The Yukon government estimates the territory’s municipalities will get a total of approximately $300,000 back from a carbon tax rebate in 2019. Yukon First Nations are expected to receive a total of approximately $60,000.
At the recent Association of Yukon Communities annual general meeting the government confirmed what Premier Sandy Silver suggested earlier this year — that First Nations and municipalities will get money back as part of the Yukon Liberal government’s plan to return all they get from next year’s coming federal carbon tax to Yukoners and Yukon businesses.
Community Services Minister John Streicker said municipal governments make up about 2.5 per cent of the overall fossil fuel purchases in the territory.
That will equal approximately $300,000 in carbon tax costs when the federal government implements a $20/tonne tax in 2019, he said.

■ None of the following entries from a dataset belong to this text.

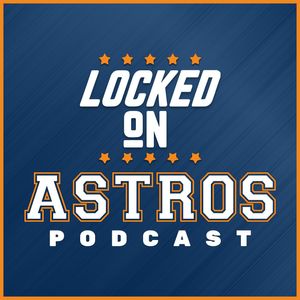 Chris Rose Sports on Twitter: Tune in tomorrow as pitching phenom Brett  Phillips joins Tyler Glasnow and Chris Rose on the Rose Rotation!   / X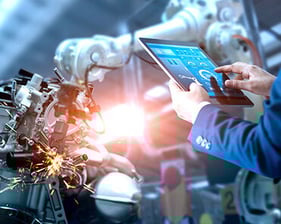 manufacturing-web (1)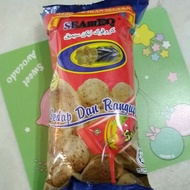 KEROPOK SEGERA SEAMEQ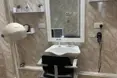 An additional photo of the care home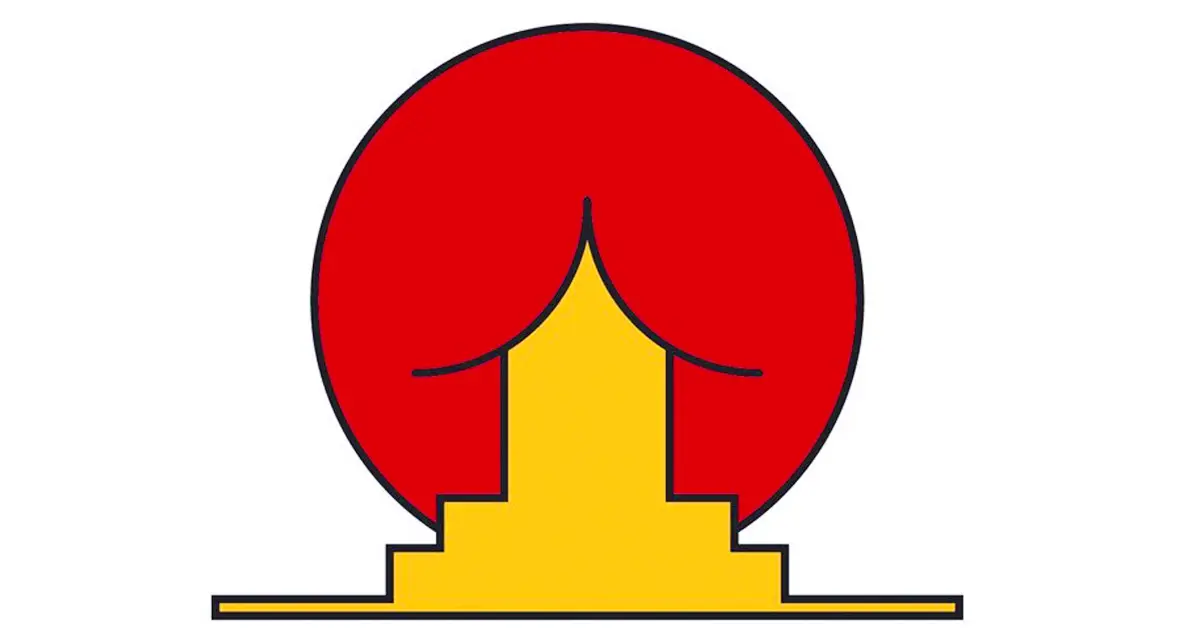 10 Logotipos famosos con mensajes subliminales que se cargaron la imagen de las marcas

The First Nations’ cut will equal approximately $60,000.
“We will rebate all of that to them,” Streicker said.
At the AGM Premier Sandy Silver announced that flying within the territory would not come with a carbon tax.
Ottawa has already said flights between the Yukon and other jurisdictions are not going to be part of the carbon tax. But “domestic aviation was originally considered to be part of it all,” Streicker said.
Streicker didn’t have any specifics of what the territorial government’s rebate plan will look like.
At the meeting, AYC members passed a resolution calling on the territorial government to clarify how much tax the municipalities would be getting back.
“Carbon tax will place an undue financial burden on municipalities that is counter-productive to investing in energy efficiencies and strategies that would reduce their carbon footprints,” the resolution says, adding that the municipal grant has just been extended without taking into account those extra costs.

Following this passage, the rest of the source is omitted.